Having risen sharply late last year, after Opec, Russia and other producers agreed to cut 1.8 million barrels a day from their output, the oil price has been rooted around the mid-$50s for the past couple of months.
Official estimates suggest Opec's compliance with the deal is around 90 per cent.
But the Telegraph says evidence from export data shows the cartel's members are offsetting domestic demand with other energy sources and that crude exports remain high.
Tamas Varga, from brokers PVM Oil Associates, said: "By our estimates non-Opec compliance was just 40 per cent in January and that is not enough to curb global oversupply."
JP Morgan's David Martin agreed, saying Opec deserves no better than a "C-" for its efforts.
The bank said its sources suggest member countries Iraq, Venezuela, Algeria and the Emirates are increasing output, while Saudi Arabia has switched to new gas fields to generate power inside the kingdom.
"Overall, exports from the Middle East have dropped by just 500,000 [barrels per day]," says the Telegraph.
While this could undermine the oil rally, it is not expected to prompt a return to the 13-low of $28 a barrel reached this time last year.
Oil price falls as US crude stocks surge to all-time high
16 February
The oil price fell yesterday and was back below $56 a barrel this morning, after US crude oil stocks rose for the sixth consecutive week, says MarketWatch.
Figures from US regulator the Energy Information Administration revealed a massive 9.5 million barrel boost in reserves, three times more than traders expected, says Reuters, and pushing the overall total to 518 million barrels, an all-time high since records began in 1982.
Petrol stocks also rose by 2.8 million barrels last week, defying analysts' predictions for a 750,000-barrel drop.
Crude and petrol stocks rising at the same time is a negative signal on demand, which has already been below persistently high levels of supply for more than two years amid a bitter global production turf war.

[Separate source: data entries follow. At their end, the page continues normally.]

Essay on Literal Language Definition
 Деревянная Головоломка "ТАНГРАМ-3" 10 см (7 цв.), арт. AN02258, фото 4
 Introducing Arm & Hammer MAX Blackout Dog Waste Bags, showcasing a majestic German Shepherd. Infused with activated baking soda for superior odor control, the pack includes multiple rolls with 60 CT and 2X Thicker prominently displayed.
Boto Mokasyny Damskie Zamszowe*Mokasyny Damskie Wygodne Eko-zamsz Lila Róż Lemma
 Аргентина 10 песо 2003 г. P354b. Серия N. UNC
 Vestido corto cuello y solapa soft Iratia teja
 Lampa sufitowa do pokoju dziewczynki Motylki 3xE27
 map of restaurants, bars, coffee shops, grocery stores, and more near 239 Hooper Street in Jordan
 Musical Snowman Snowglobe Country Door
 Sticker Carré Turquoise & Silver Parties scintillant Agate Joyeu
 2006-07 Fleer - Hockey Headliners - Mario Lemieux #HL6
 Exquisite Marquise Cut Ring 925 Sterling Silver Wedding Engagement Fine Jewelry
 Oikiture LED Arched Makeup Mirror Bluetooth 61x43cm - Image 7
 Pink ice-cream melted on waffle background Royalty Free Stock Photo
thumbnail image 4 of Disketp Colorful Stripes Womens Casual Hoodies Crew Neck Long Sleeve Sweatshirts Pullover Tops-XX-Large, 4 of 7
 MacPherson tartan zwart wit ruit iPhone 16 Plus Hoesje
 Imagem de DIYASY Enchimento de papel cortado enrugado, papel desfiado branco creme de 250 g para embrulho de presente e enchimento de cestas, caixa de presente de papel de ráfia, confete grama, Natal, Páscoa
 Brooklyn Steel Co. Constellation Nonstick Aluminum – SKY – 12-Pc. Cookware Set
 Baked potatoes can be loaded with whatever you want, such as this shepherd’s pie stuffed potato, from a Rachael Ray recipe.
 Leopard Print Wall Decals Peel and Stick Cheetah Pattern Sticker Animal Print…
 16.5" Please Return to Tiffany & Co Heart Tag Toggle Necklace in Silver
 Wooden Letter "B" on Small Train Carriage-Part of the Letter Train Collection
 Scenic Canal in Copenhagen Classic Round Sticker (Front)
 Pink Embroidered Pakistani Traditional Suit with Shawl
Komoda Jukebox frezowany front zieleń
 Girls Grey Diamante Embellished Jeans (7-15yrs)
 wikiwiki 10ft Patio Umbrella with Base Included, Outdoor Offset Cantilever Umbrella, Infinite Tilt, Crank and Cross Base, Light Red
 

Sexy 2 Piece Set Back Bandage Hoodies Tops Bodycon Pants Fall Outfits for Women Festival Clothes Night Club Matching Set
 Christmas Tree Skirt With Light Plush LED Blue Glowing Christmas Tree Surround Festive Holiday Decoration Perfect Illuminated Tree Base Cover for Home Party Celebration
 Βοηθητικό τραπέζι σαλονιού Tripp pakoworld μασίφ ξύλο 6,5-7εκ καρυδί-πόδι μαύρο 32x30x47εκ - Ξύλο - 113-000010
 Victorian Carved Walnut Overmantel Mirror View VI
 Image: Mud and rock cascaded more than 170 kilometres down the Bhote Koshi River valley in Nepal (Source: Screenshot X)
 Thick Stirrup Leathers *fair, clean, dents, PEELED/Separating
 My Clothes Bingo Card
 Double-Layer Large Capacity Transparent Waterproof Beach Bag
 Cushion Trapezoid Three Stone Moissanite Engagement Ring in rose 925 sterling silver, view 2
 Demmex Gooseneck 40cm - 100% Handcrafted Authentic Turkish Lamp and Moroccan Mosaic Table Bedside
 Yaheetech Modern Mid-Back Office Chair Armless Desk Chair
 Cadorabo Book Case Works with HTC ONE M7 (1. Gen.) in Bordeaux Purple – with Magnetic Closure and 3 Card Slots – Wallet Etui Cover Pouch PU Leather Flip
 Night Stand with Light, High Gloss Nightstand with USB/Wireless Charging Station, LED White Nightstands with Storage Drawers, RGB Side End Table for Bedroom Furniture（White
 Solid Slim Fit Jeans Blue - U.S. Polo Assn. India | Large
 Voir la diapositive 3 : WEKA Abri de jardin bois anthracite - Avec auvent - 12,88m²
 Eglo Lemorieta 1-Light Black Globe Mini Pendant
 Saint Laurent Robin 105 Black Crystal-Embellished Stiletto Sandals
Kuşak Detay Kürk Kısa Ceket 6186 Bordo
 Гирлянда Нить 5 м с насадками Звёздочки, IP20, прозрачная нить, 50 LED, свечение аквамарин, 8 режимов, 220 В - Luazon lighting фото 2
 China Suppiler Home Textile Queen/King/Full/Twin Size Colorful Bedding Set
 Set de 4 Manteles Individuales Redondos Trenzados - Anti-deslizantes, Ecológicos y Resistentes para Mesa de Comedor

For much of that time, there has been an asymmetry in US stocks trends, with crude reserves often rising when petrol stocks fall and vice versa.
That implies refinery activity is driving the figures, rather than real, underlying demand.
Since the Opec cartel, Russia and other producers pledged to cut 1.8 million barrels a day from output, experts have predicted that global demand will rise sustainably above supply in the second half of this year.
But until that hypothesis is proven - or otherwise - the market is not reacting strongly to stocks statistics, which explains why the oil price remains rooted in its mid-$50s range.
Gavin Wendt, founding director at commodity research firm MineLife, said: "There's no doubt the world oil market is very much in wait-and-see mode, which is why the price has remained in the… range since mid-December."